Given data:
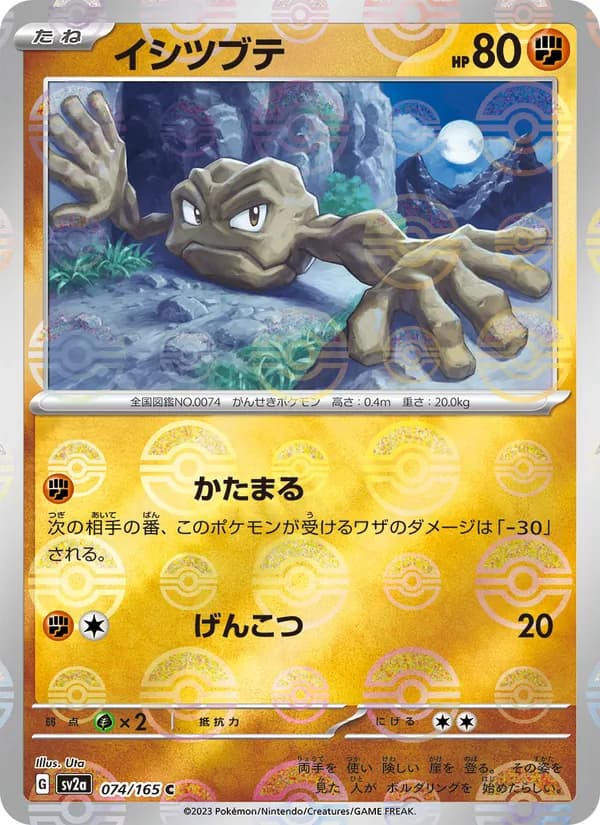 Geodude, kortbilde fra TCGdex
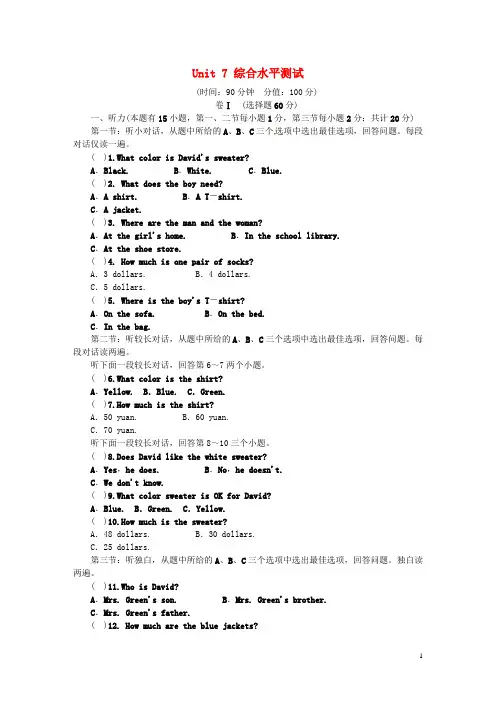 七年级英语上册 Unit 7 综合水平测试 (新版)人教新目标版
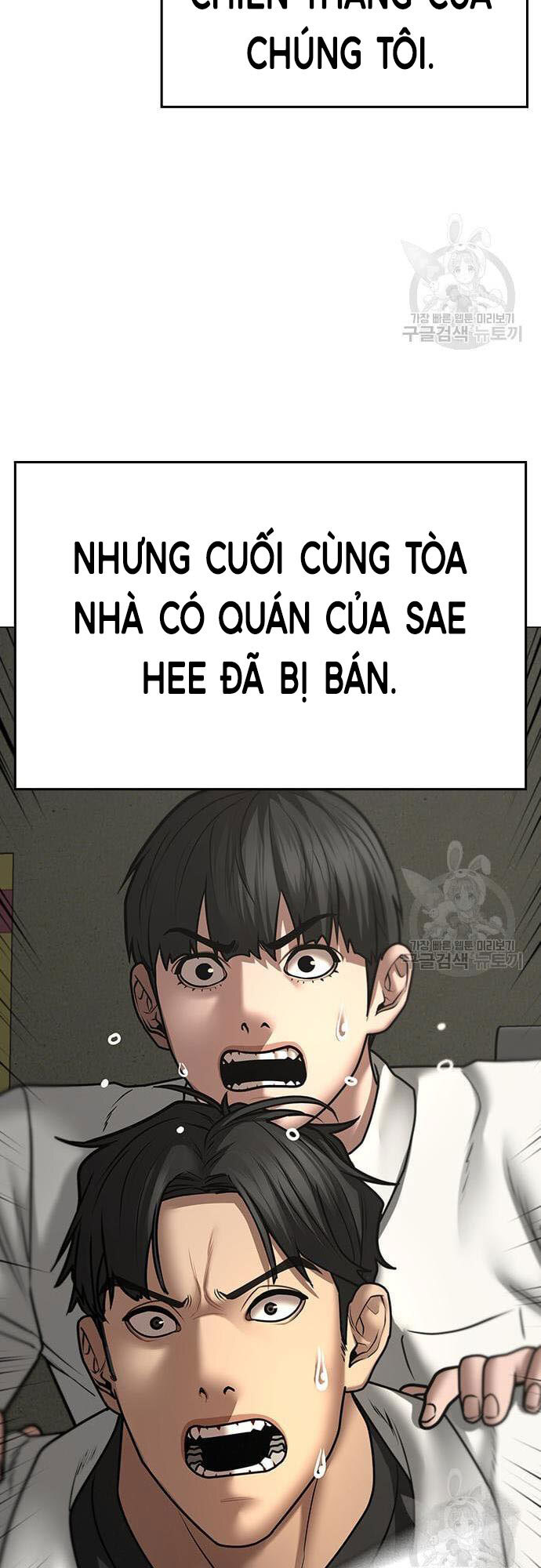 Nhiệm Vụ Đời Thật Chapter 61 - 52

Exercise aim: Drop the pictures and give every line above again exactly.

Reply:
 Geodude, kortbilde fra TCGdex
 七年级英语上册 Unit 7 综合水平测试 (新版)人教新目标版
 Nhiệm Vụ Đời Thật Chapter 61 - 52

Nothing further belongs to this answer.